WHAT THE TASK REQUIRES:
When you reproduce the data, keep every word exactly as it stands and leave the pictures out.

EXERCISE MATERIALS:
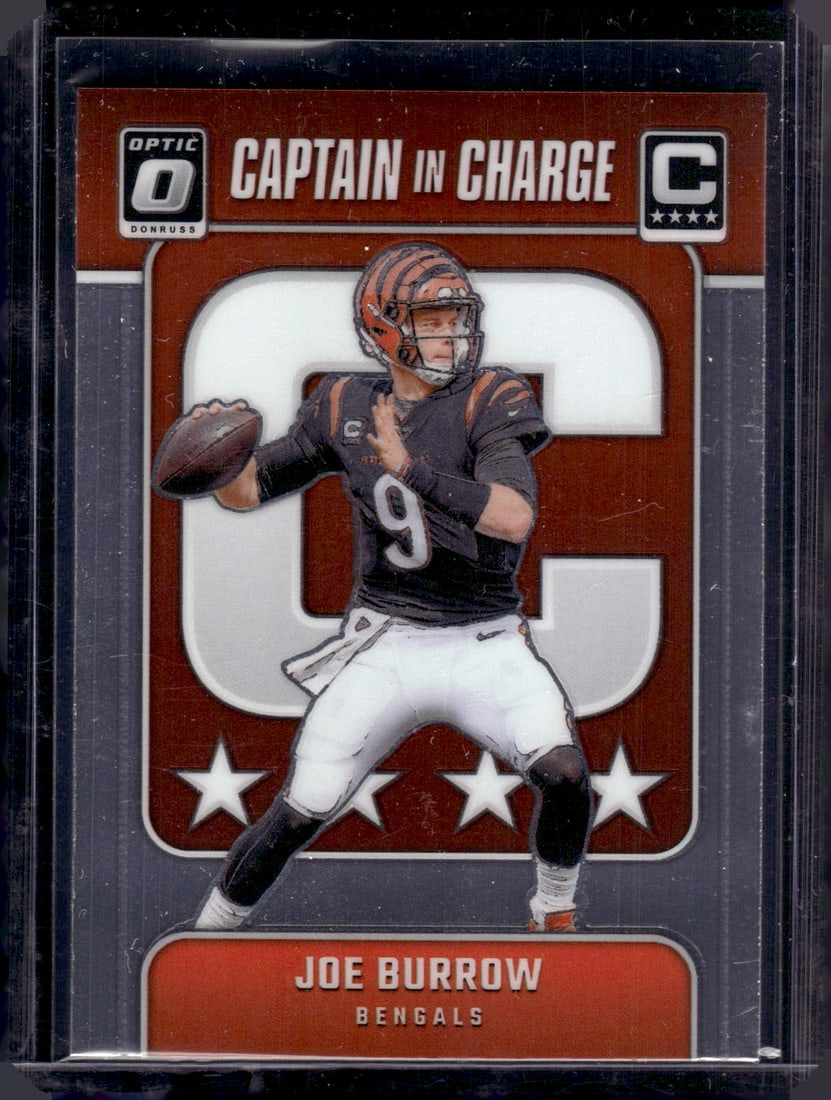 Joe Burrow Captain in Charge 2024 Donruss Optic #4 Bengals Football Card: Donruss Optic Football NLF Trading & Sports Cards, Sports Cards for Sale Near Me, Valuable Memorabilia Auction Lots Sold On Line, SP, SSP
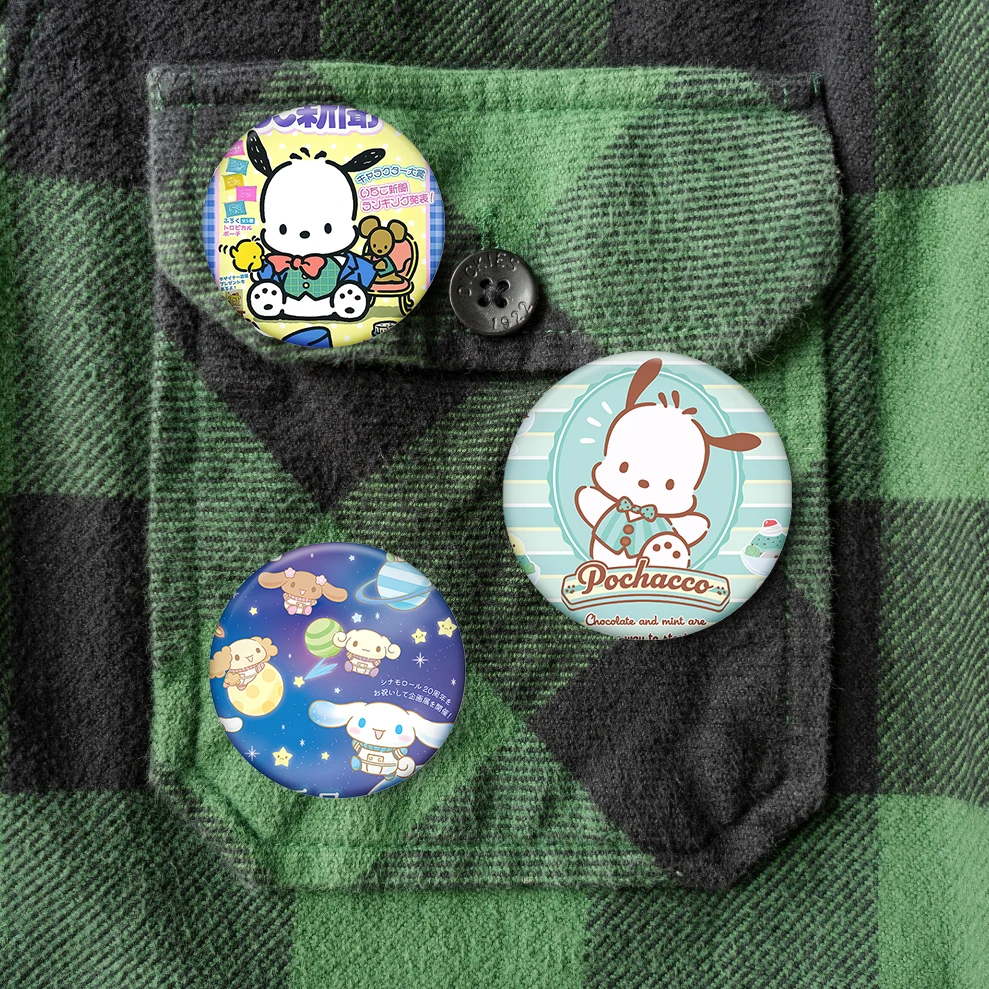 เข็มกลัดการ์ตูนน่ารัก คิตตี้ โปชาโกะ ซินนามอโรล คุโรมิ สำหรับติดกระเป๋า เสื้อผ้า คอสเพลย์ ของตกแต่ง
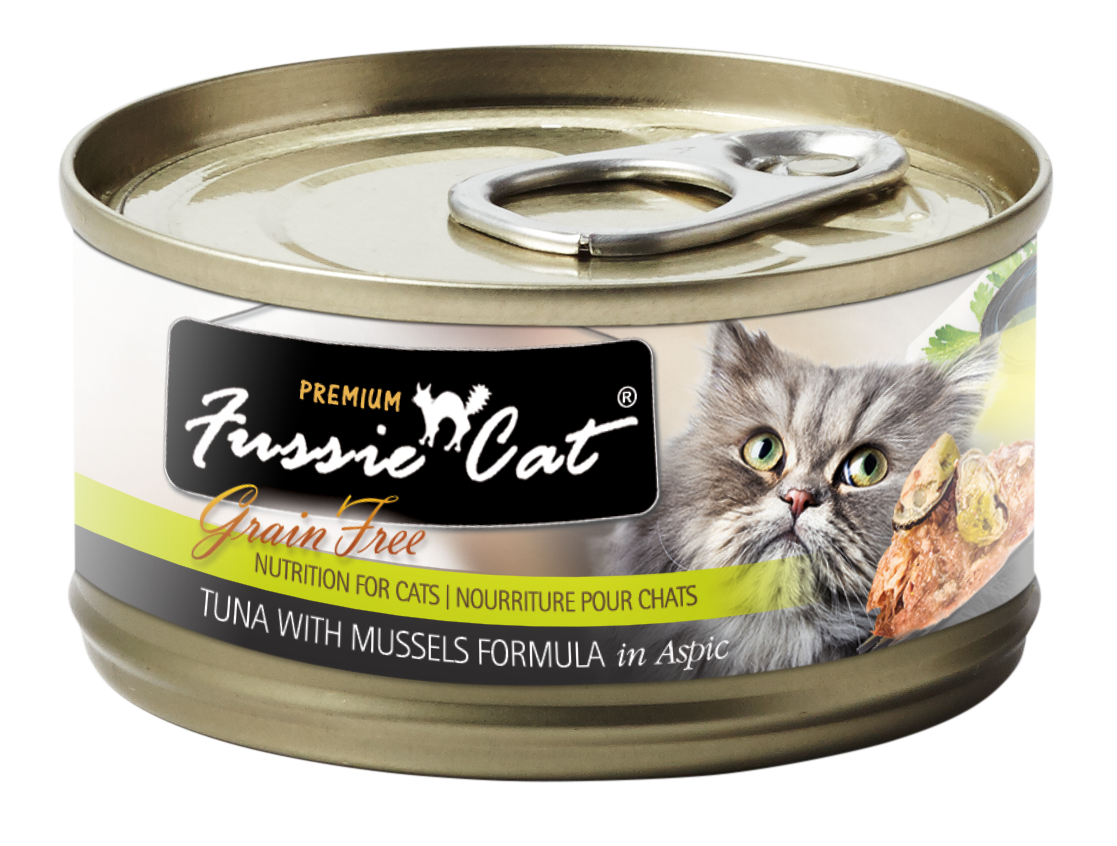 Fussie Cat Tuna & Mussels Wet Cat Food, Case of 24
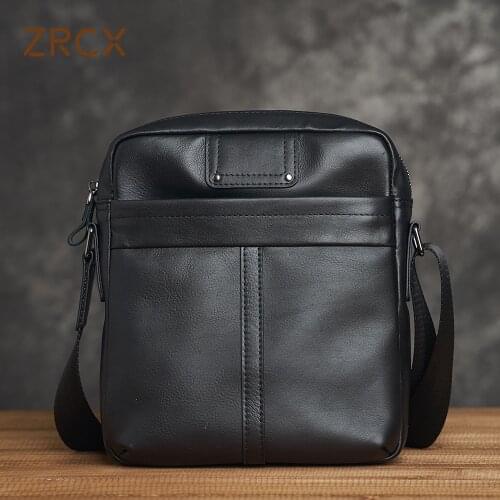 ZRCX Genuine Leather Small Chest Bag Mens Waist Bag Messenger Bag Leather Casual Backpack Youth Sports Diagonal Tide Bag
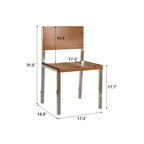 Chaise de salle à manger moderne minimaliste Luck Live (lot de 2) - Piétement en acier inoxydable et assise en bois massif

SOLVED EXERCISE:
 Joe Burrow Captain in Charge 2024 Donruss Optic #4 Bengals Football Card: Donruss Optic Football NLF Trading & Sports Cards, Sports Cards for Sale Near Me, Valuable Memorabilia Auction Lots Sold On Line, SP, SSP
 เข็มกลัดการ์ตูนน่ารัก คิตตี้ โปชาโกะ ซินนามอโรล คุโรมิ สำหรับติดกระเป๋า เสื้อผ้า คอสเพลย์ ของตกแต่ง
 Fussie Cat Tuna & Mussels Wet Cat Food, Case of 24
 ZRCX Genuine Leather Small Chest Bag Mens Waist Bag Messenger Bag Leather Casual Backpack Youth Sports Diagonal Tide Bag
 Chaise de salle à manger moderne minimaliste Luck Live (lot de 2) - Piétement en acier inoxydable et assise en bois massif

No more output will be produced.